Resource creation should only be done through deployment machines

  • Avoid point and click at all cost.
  • Everything should be scripted and the script on Github.
  • All updates to resources should be done via a git push.
  • AWS GUI Console usage is only used to check that the resource has been created.

Do not roll your own if there is a *-as-a-service that does it

  • Reason: I don't want to manage its availability, updating the software, security, and others.
  • See below - outdated software is dangerous.

Always use the latest software version

  • Outdated software are dangerous because they might have unresolved security vulnerabilities (remember heartbleed?).
  • Always look for software that can update itself or use a *-as-a-service that manages its updates. For OS, look at CoreOS - the only Linux OS that can update itself.
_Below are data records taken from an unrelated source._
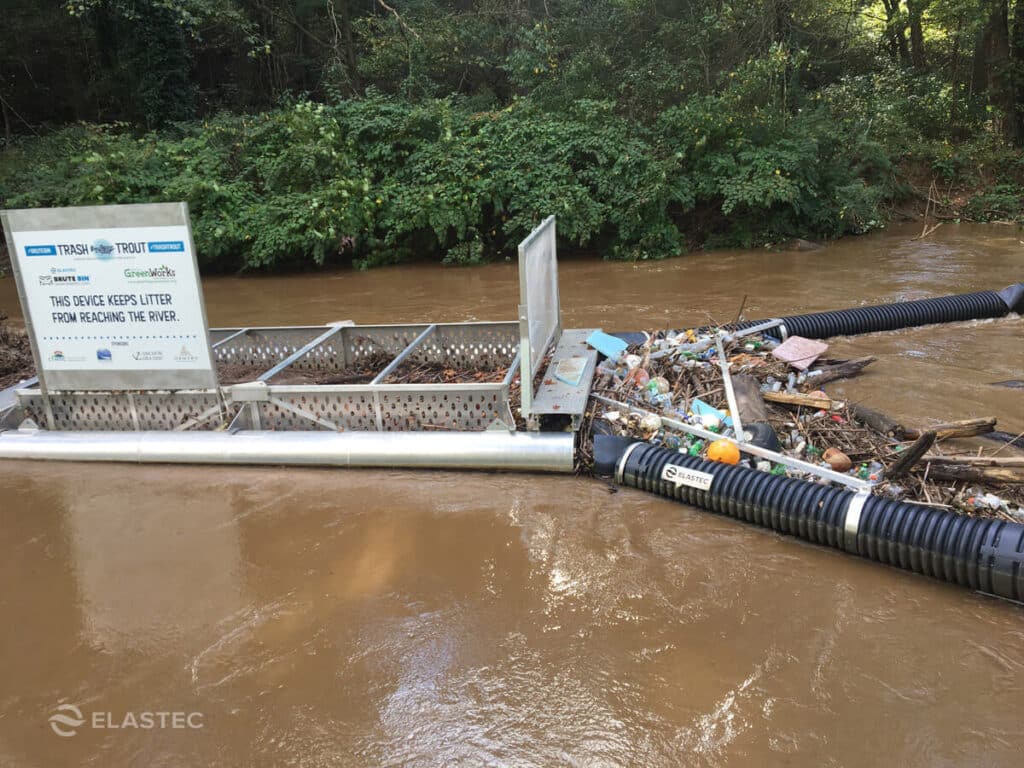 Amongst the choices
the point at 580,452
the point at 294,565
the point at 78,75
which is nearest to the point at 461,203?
the point at 580,452

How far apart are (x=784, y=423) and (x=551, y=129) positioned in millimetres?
9502

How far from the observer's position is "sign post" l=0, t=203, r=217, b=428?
520cm

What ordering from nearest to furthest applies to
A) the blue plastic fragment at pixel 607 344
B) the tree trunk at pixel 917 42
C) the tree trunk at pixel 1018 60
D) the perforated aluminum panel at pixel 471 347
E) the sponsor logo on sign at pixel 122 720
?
1. the sponsor logo on sign at pixel 122 720
2. the blue plastic fragment at pixel 607 344
3. the perforated aluminum panel at pixel 471 347
4. the tree trunk at pixel 1018 60
5. the tree trunk at pixel 917 42

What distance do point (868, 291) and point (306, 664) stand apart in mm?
8983

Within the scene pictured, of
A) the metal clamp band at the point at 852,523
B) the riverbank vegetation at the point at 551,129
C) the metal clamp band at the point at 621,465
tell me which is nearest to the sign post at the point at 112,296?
the metal clamp band at the point at 621,465

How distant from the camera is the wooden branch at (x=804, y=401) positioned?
5.32m

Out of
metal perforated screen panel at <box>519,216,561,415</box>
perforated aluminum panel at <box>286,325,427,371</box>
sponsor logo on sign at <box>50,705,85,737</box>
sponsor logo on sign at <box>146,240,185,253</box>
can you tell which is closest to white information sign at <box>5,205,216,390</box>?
sponsor logo on sign at <box>146,240,185,253</box>

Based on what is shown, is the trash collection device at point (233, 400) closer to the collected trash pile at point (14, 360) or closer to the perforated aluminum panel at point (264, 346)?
the perforated aluminum panel at point (264, 346)

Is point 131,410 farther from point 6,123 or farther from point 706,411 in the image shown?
point 6,123

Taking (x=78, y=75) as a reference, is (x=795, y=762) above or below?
below

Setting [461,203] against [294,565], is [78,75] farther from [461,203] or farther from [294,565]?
[294,565]

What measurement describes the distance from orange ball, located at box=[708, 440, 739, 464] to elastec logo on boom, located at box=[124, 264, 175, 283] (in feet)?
12.8

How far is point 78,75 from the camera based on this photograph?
63.6 ft

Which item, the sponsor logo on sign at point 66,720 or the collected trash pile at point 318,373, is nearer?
the sponsor logo on sign at point 66,720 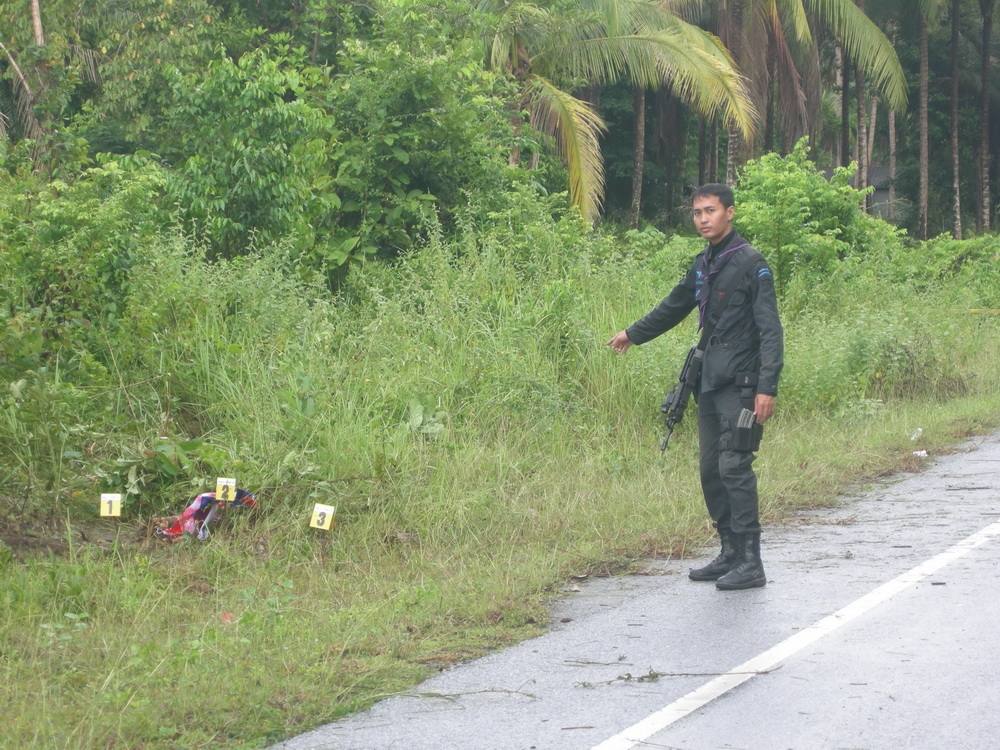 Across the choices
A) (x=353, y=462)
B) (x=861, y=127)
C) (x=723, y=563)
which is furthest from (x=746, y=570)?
(x=861, y=127)

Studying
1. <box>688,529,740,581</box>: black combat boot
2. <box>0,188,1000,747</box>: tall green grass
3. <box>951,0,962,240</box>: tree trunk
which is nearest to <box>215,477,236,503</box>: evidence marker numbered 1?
<box>0,188,1000,747</box>: tall green grass

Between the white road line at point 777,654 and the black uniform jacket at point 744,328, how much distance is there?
1150 millimetres

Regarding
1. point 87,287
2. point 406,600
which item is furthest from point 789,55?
point 406,600

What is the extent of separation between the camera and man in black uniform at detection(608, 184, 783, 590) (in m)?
6.57

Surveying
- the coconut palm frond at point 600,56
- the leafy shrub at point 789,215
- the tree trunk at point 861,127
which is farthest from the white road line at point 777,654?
the tree trunk at point 861,127

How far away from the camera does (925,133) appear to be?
35.2 meters

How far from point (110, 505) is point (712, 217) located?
3628mm

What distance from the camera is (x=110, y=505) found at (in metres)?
7.06

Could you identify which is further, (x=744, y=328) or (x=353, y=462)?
(x=353, y=462)

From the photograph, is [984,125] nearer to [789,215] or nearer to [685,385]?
[789,215]

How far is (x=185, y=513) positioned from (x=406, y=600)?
1.69m

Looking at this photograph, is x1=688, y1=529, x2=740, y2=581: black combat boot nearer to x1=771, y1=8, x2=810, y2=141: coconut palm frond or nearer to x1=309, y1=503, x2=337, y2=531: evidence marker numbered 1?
x1=309, y1=503, x2=337, y2=531: evidence marker numbered 1

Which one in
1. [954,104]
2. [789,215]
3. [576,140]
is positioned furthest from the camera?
[954,104]

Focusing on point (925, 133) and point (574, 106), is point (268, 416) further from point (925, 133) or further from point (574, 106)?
point (925, 133) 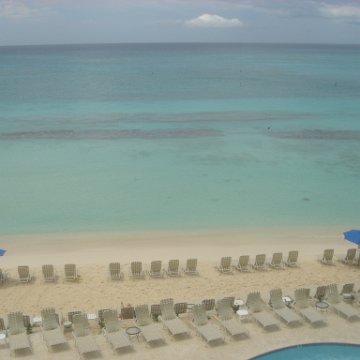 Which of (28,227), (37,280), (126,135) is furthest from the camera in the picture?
(126,135)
Prefer alerts to monitoring

  • Instead of spending time looking at graphs of errors or CPU usage, we should create alerts that push the information to us instead of having us pull the information or infer from the graph. This makes troubleshooting faster.

All alerts in one place

  • Instead of having alerts go to individual emails or sms, put all alerts to different channels in Slack. People will subscribe to channels that matter to them and will set notification preferences accordingly.
  • Reason: I do not want to have to manage the email addresses or phone numbers that the different alerts go to.

Immutable server pattern

  • Martin Fowler - Immutable Server
  • From Netflix blog:
    • Our deployment strategy is centered around the Immutable Server pattern. Live modification of instances is strongly discouraged in order to reduce configuration drift and ensure deployments are repeatable from source. Every deployment at Netflix begins with the creation of a new Amazon Machine Image, or AMI. To generate AMIs from source, we created “the Bakery”.
    • We do not use any configuration management systems like Puppet, Chef, Ansible or Saltstack.
    • Devprod parity thus stands here. If you run the same image on your localhost or on AWS, you'll get the same result.
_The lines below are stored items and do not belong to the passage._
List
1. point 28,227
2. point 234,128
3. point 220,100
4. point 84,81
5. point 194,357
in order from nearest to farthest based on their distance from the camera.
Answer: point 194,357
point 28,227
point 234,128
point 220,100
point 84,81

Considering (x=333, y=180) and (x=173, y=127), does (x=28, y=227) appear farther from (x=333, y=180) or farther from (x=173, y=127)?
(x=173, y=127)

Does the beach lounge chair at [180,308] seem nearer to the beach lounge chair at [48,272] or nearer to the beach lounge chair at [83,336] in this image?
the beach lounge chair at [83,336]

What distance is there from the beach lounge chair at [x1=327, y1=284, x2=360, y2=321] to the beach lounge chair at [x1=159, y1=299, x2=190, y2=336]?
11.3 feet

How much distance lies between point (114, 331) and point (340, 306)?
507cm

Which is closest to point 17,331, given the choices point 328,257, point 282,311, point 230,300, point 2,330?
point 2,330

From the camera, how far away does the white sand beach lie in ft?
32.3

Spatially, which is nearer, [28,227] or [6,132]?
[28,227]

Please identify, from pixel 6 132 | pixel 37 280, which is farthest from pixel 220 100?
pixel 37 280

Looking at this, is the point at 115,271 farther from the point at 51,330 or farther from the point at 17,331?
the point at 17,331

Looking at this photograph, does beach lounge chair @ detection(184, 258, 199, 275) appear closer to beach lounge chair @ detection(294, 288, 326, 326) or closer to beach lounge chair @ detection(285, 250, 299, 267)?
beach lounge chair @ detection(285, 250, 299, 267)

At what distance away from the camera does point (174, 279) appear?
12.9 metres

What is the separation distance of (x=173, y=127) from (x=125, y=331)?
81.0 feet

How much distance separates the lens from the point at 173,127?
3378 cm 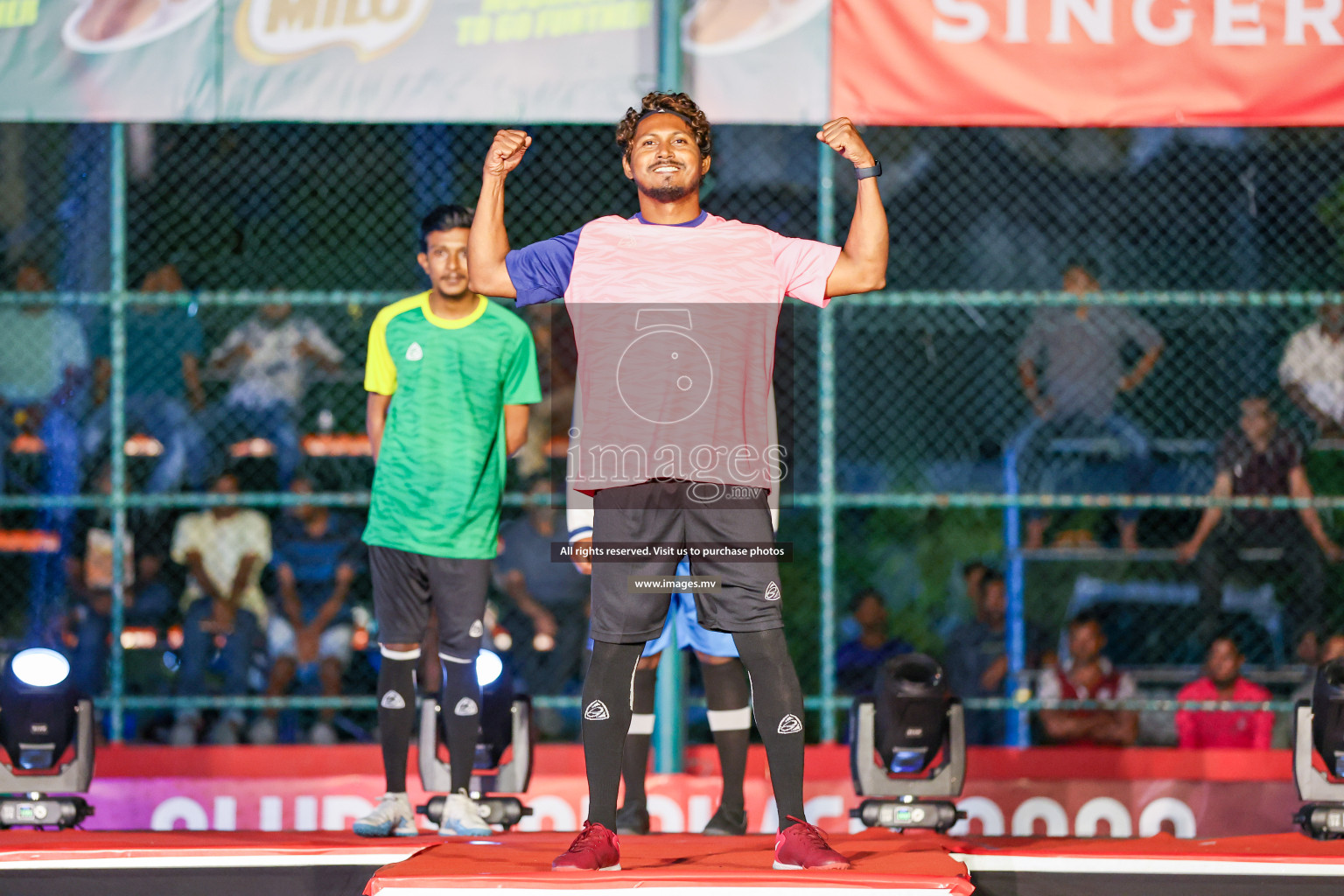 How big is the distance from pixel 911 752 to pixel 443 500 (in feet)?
5.44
Servers as cattle not pets

  • Only one kind of operating system, everything should run on Docker on top of it.
  • At the maximum, there should only be 2 kinds of servers: app servers and deployment servers.
  • App servers are servers that run long-running web servers and batch jobs; deployment servers only has aws-cli and does deployments.

One VPC in one account

  • This simplifies a whole lot of things.

All apps should be 12 factor apps.

  • Print out the twelve factor document and use it as a checklist for all apps - actually tick on the different factors.
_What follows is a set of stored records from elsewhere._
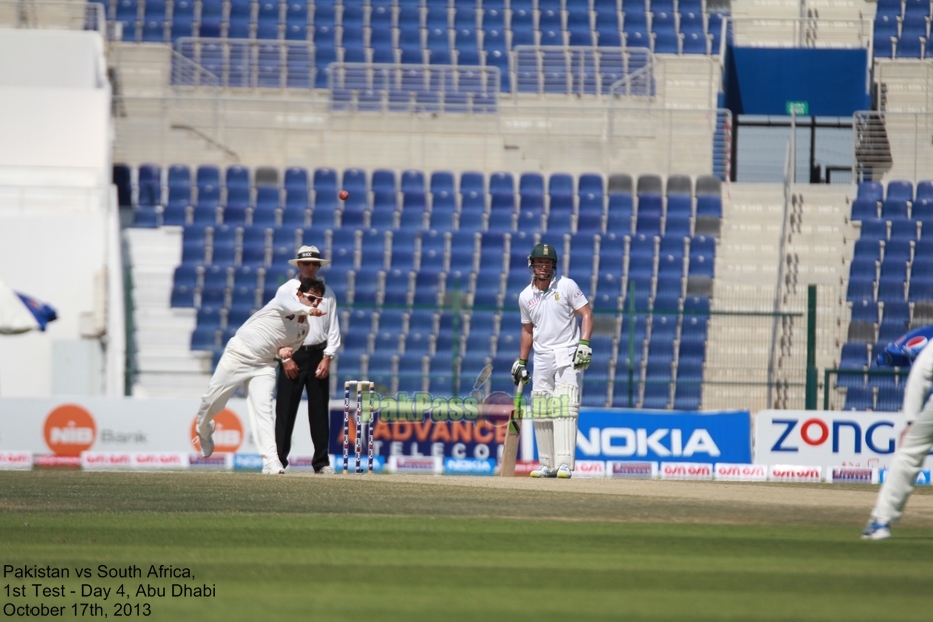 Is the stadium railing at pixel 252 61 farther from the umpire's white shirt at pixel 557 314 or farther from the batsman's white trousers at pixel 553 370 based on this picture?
the batsman's white trousers at pixel 553 370

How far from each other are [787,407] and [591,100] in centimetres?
848

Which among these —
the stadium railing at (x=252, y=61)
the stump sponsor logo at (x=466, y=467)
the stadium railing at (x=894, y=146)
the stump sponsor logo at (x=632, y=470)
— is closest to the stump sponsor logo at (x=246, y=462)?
the stump sponsor logo at (x=466, y=467)

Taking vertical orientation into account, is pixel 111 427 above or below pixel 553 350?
below

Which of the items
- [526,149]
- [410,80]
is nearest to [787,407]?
[526,149]

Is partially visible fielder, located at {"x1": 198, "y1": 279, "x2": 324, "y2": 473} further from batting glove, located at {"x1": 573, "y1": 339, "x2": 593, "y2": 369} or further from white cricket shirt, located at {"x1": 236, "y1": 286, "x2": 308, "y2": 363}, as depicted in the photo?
batting glove, located at {"x1": 573, "y1": 339, "x2": 593, "y2": 369}

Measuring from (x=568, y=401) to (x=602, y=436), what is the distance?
451 cm

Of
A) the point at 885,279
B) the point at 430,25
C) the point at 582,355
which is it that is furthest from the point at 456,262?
the point at 582,355

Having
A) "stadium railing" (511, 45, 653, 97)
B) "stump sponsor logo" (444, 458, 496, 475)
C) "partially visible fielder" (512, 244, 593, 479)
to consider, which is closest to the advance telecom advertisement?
"stump sponsor logo" (444, 458, 496, 475)

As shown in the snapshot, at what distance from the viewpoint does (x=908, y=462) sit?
7129 mm

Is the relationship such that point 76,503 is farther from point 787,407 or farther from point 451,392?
point 787,407

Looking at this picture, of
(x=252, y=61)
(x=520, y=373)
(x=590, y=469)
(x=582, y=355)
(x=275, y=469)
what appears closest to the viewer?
(x=582, y=355)

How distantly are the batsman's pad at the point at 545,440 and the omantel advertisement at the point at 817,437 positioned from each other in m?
4.74

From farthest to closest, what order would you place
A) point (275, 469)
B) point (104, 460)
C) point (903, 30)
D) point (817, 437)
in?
point (903, 30) < point (817, 437) < point (104, 460) < point (275, 469)

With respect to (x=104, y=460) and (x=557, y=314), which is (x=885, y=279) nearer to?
(x=557, y=314) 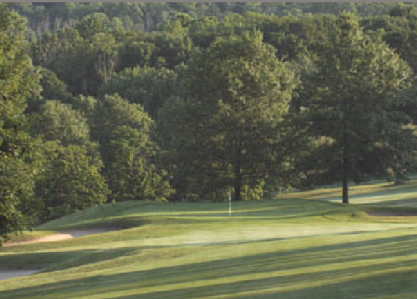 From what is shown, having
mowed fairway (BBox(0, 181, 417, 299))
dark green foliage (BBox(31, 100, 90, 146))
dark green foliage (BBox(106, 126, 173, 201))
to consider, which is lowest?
dark green foliage (BBox(106, 126, 173, 201))

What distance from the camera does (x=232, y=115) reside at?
45.3 metres

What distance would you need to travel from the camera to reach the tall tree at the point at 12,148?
20125mm

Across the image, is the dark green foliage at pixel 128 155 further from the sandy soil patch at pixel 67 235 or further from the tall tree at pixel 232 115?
the sandy soil patch at pixel 67 235

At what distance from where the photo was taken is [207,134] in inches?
1836

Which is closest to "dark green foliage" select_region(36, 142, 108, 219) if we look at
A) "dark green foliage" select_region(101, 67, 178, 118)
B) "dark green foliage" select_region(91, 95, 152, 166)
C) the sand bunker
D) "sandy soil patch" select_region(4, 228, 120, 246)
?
"dark green foliage" select_region(91, 95, 152, 166)

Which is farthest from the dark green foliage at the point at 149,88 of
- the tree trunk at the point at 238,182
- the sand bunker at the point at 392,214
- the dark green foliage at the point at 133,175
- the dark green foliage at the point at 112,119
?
the sand bunker at the point at 392,214

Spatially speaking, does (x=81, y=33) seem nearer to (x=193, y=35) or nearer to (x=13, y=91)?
(x=193, y=35)

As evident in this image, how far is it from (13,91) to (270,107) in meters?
26.3

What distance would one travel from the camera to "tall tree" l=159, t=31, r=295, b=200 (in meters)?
45.3

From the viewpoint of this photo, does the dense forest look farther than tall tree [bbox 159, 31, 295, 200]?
No

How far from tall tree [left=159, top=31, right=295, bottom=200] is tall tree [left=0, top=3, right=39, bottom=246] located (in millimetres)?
24160

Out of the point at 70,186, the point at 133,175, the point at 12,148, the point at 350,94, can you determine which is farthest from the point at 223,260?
the point at 133,175

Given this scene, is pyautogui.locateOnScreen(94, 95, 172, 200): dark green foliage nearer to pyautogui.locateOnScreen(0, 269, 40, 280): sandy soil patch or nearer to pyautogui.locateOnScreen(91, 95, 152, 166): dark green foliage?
pyautogui.locateOnScreen(91, 95, 152, 166): dark green foliage

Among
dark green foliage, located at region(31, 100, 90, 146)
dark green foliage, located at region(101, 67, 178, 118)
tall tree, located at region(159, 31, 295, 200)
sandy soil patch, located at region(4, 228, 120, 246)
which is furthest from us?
dark green foliage, located at region(101, 67, 178, 118) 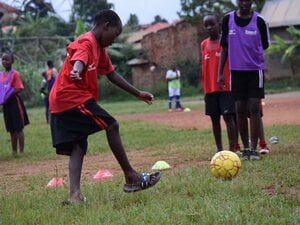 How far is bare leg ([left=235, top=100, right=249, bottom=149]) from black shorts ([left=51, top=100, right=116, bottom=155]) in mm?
2360

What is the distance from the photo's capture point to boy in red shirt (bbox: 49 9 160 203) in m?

DB Access via VPN or internal network

  • We don't want our data hacked.

Container Solution Consideration

These are our considerations when looking for a container solution (example: Kubernetes or ECS):

  1. The ability to automatically scale on the container level. (This can be based on CPU Utilization or similar metric)
  2. The ability to automatically scale on the VM level for the cluster. (This can be based on CPU Utilization or similar metric)
  3. The ability to automatically deploy using a Continuous Delivery pipeline.
  4. The ability to get automatic software update both on the cluster manager level as well as the OS level. Fyi, with Google Container Engine, we get Kubernetes software update automatically with zero down time. And we also get OS updates on the VM level automatically.
  5. The ability to automatically manage SSL certificates. Our current Google Container Engine solution is not able to do this so we have to look for 3rd party solution to manage certificate.
  6. The ability to manually deploy a particular version, or roll back to a particular version.
  7. If we could roll things out to some percentage of our customers just like how Route53 does weighted routing.
  8. The ability to manually scale the number of containers to anticipate a spike. One example of this is before a Marketing campaign.

Workflow

We adapted GitHub flow so there are always two branches in the project, dev and master, following is an example to show you the flow.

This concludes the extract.